** WORK INSTRUCTIONS **
Could you retype all of the records exactly, leaving out every picture?

(Source records)
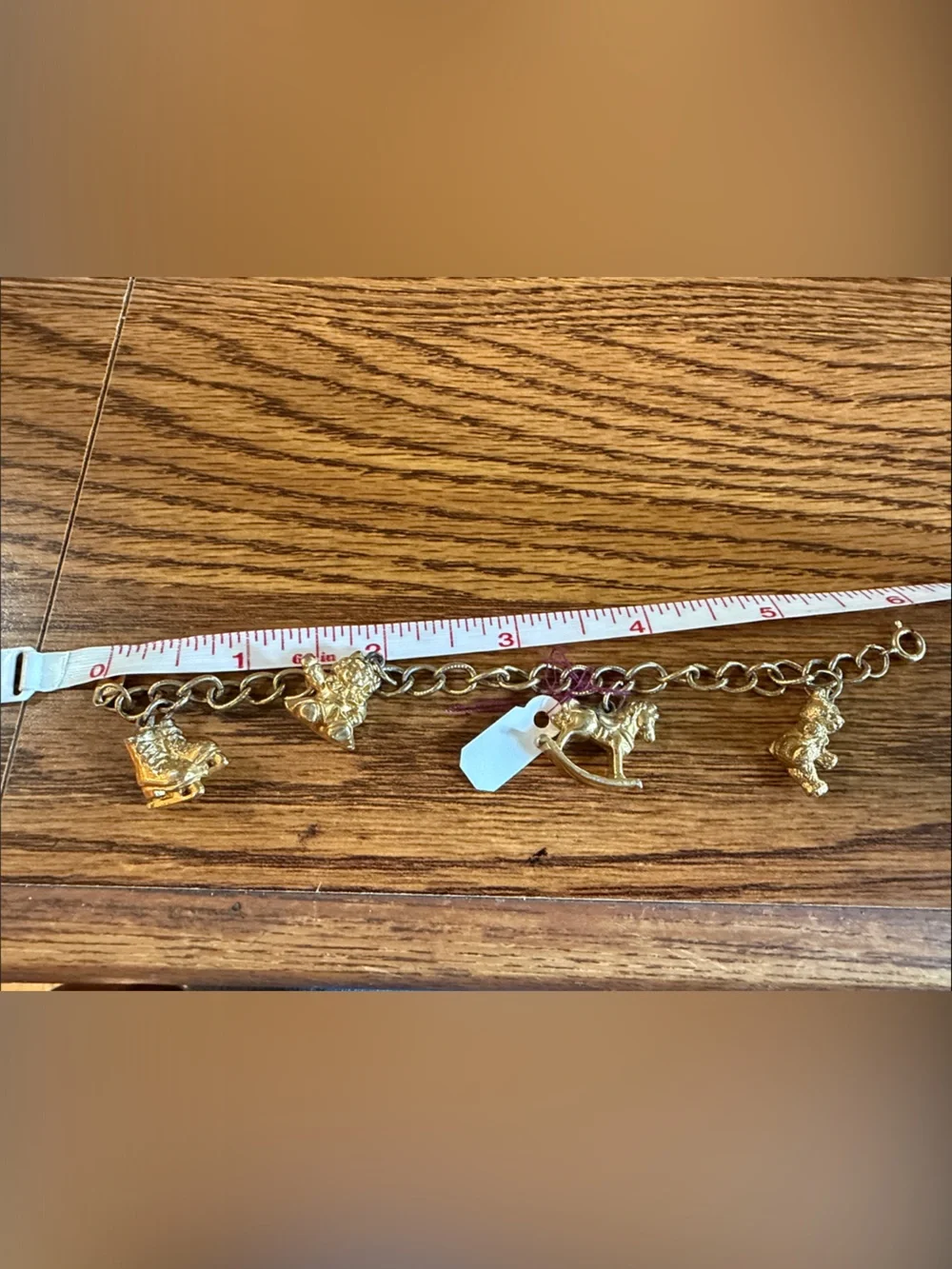 Avon Gold-Tone Toy Charm Bracelet with Rocking Horse & Teddy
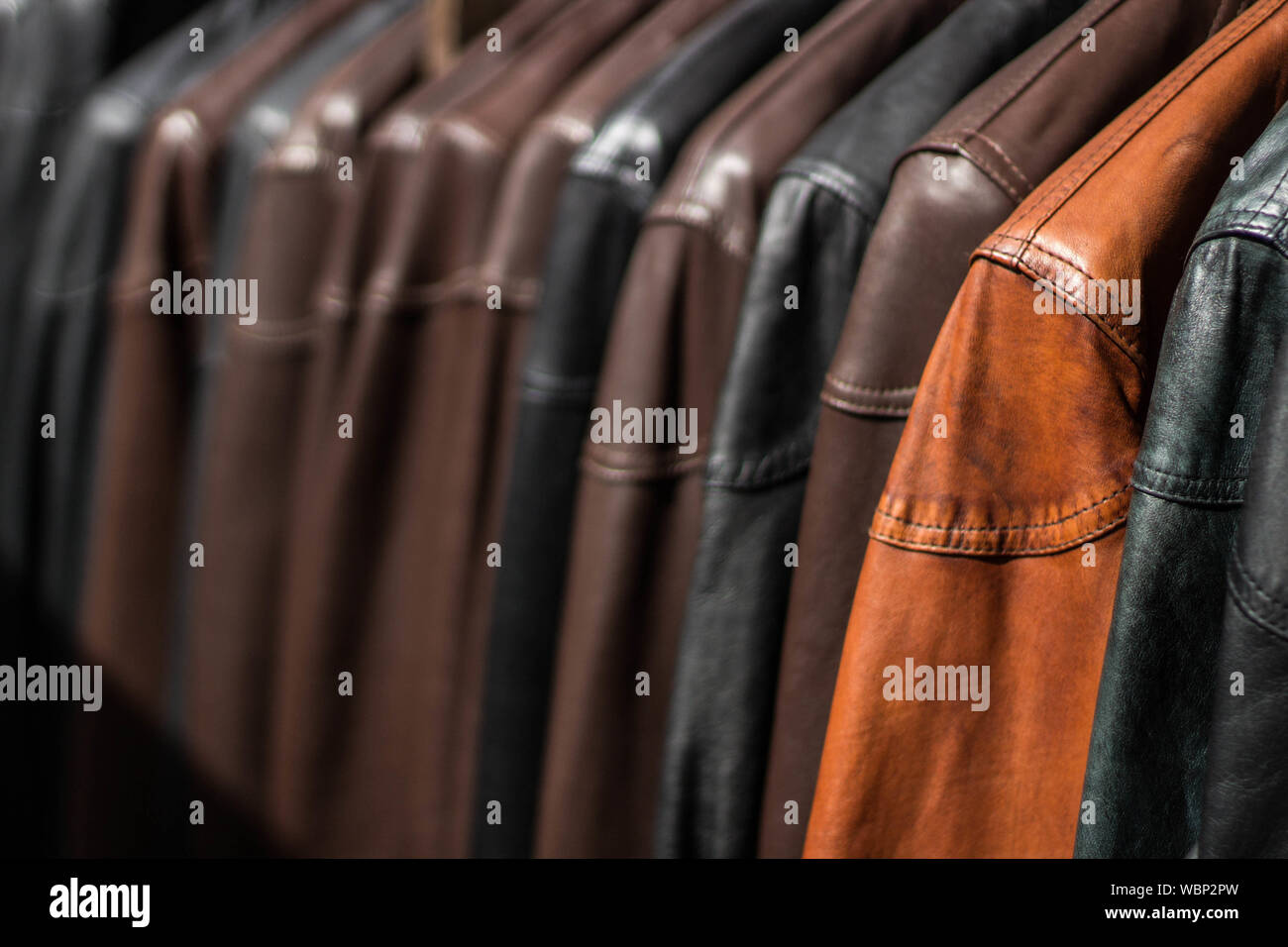 Full Frame Shot Of Leather Jackets For Sale In Clothing Store Stock Photo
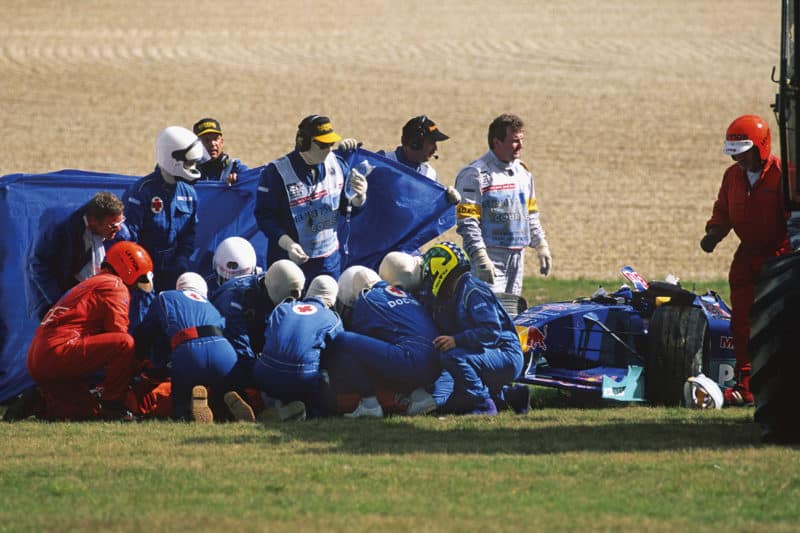 Medics with Pedro Diniz after his Sauber rolled at the Nurburgring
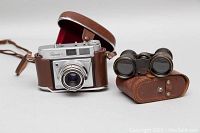 Kodak Ritenette II camera in brown leather case next to Champiere Paris opera binoculars with matching leather case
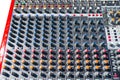 Close up photo of a professional sound mixer with many adjustments, knob switches and buttons of audio mixer control panel. Royalty Free Stock Photo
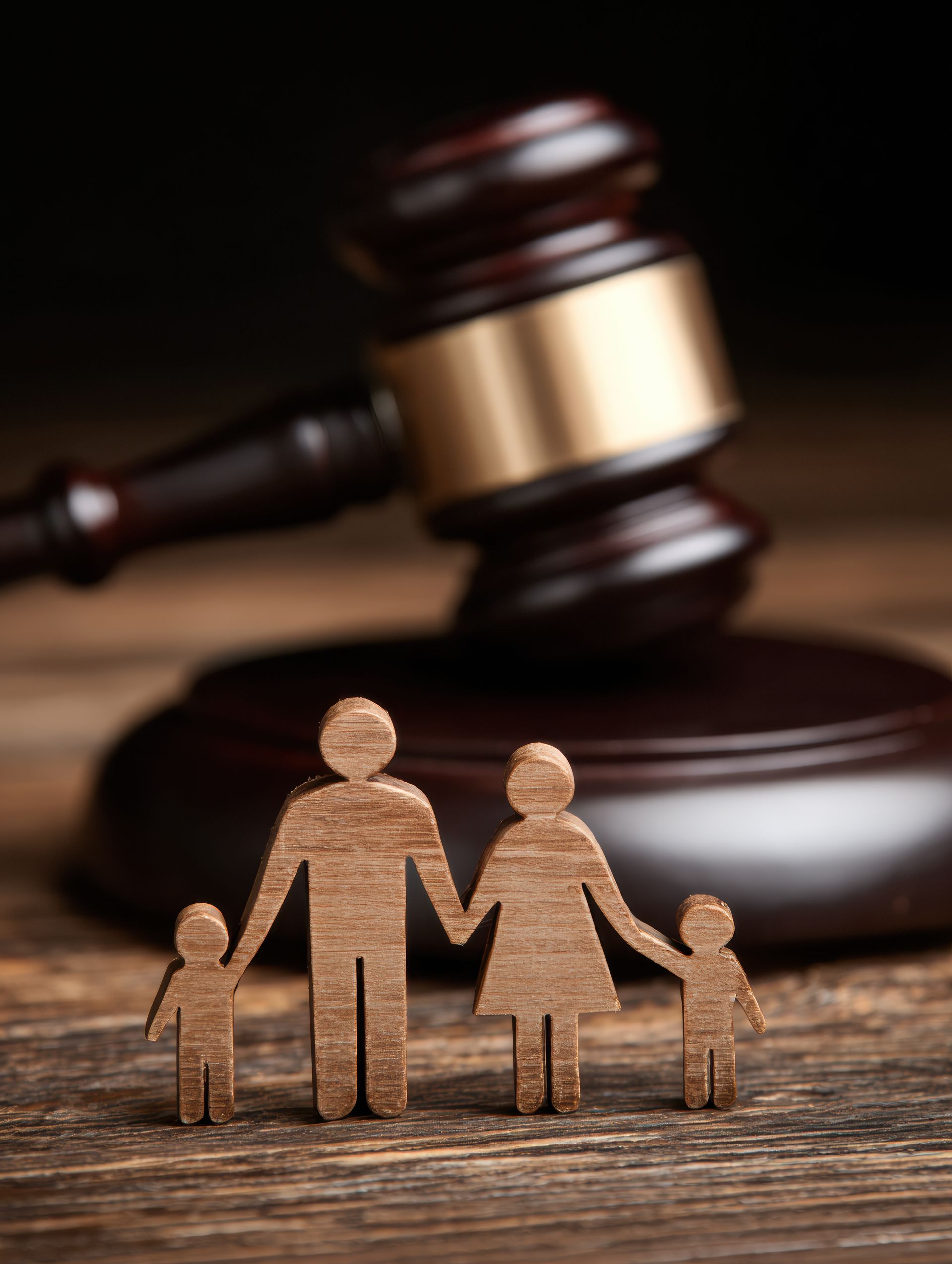 A wooden family figurine stands in front of a judge's gavel on a wooden surface, representing family law. A wooden family figurine stands in front of a judge's gavel on a wooden surface, representing family law.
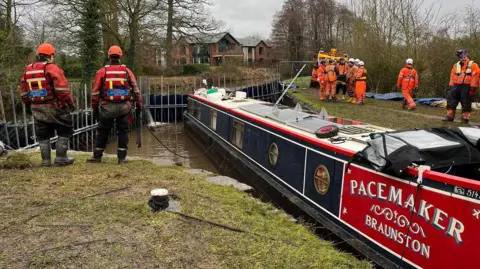 dark blue and red canal boat in a small section of canal blocked off with metal dams. it is in water and there are dozens of people standing on banks either side of it in orange outfits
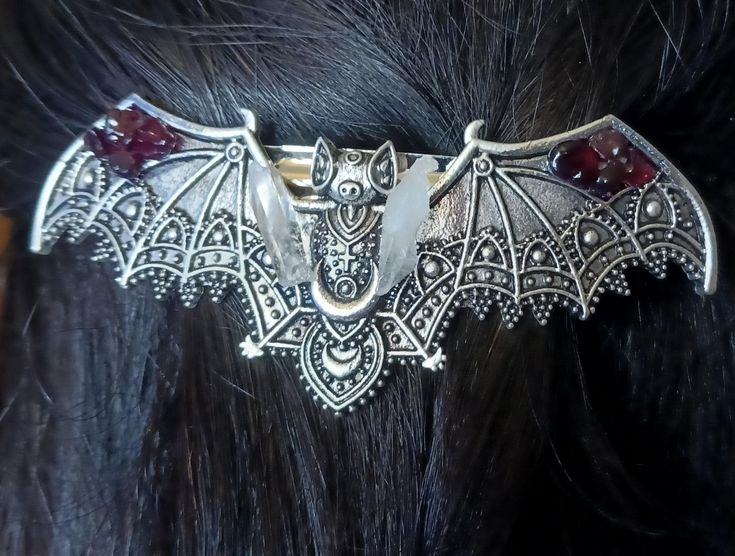 Whimsical Hand saudred stainless steel Bat hair pin. Featuring gorgeous detail in the bat pattern with added mini lumerian points, and garnet gemstone  this hair pin is on the heavier side so I'd recommend using it for thicker hair Bats Nest Hair, Vampire Fashion, Bat Jewelry, Outfit References, Alt Clothes, Bat Pattern, Reno Nv, Thicker Hair, Beautiful Clothes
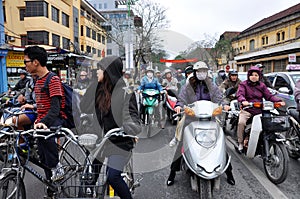 Traffic in Hanoi. Crowd of motorbike drivers on the street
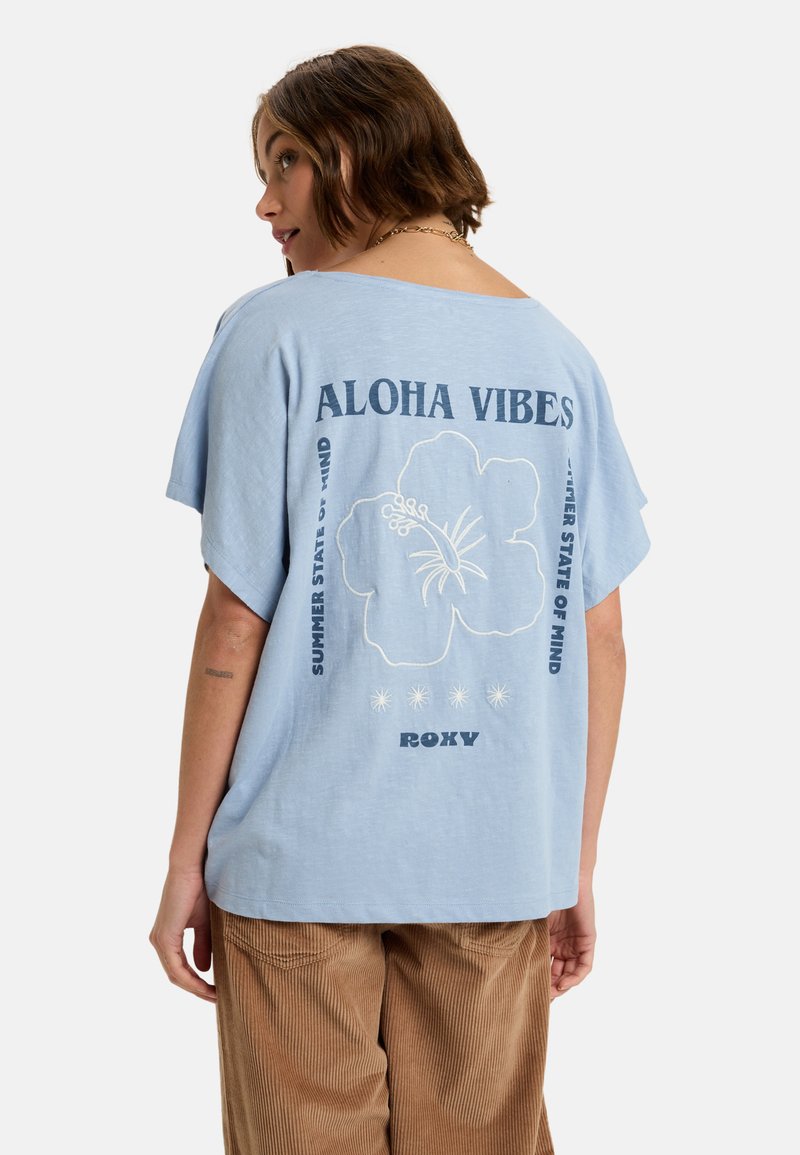 Lys blå, kortærmet t-shirt med løs pasform. Har hvidt blomsterdesign og teksten "ALOHA VIBES" samt "SUMMER STATE OF MIND."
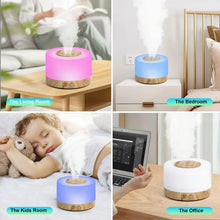 Cool mist aroma diffuser with pink LED light, white housing and wood-grain base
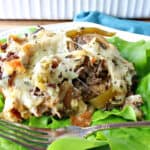 A serving of Savory Italian Beef Bread Pudding on a bed of lettuce with a fork.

** RESPONSE FOR THIS EXERCISE **
 Avon Gold-Tone Toy Charm Bracelet with Rocking Horse & Teddy
 Full Frame Shot Of Leather Jackets For Sale In Clothing Store Stock Photo
 Medics with Pedro Diniz after his Sauber rolled at the Nurburgring
 Kodak Ritenette II camera in brown leather case next to Champiere Paris opera binoculars with matching leather case
 Close up photo of a professional sound mixer with many adjustments, knob switches and buttons of audio mixer control panel. Royalty Free Stock Photo
 A wooden family figurine stands in front of a judge's gavel on a wooden surface, representing family law. A wooden family figurine stands in front of a judge's gavel on a wooden surface, representing family law.
 dark blue and red canal boat in a small section of canal blocked off with metal dams. it is in water and there are dozens of people standing on banks either side of it in orange outfits
 Whimsical Hand saudred stainless steel Bat hair pin. Featuring gorgeous detail in the bat pattern with added mini lumerian points, and garnet gemstone  this hair pin is on the heavier side so I'd recommend using it for thicker hair Bats Nest Hair, Vampire Fashion, Bat Jewelry, Outfit References, Alt Clothes, Bat Pattern, Reno Nv, Thicker Hair, Beautiful Clothes
 Traffic in Hanoi. Crowd of motorbike drivers on the street
 Lys blå, kortærmet t-shirt med løs pasform. Har hvidt blomsterdesign og teksten "ALOHA VIBES" samt "SUMMER STATE OF MIND."
 Cool mist aroma diffuser with pink LED light, white housing and wood-grain base
 A serving of Savory Italian Beef Bread Pudding on a bed of lettuce with a fork.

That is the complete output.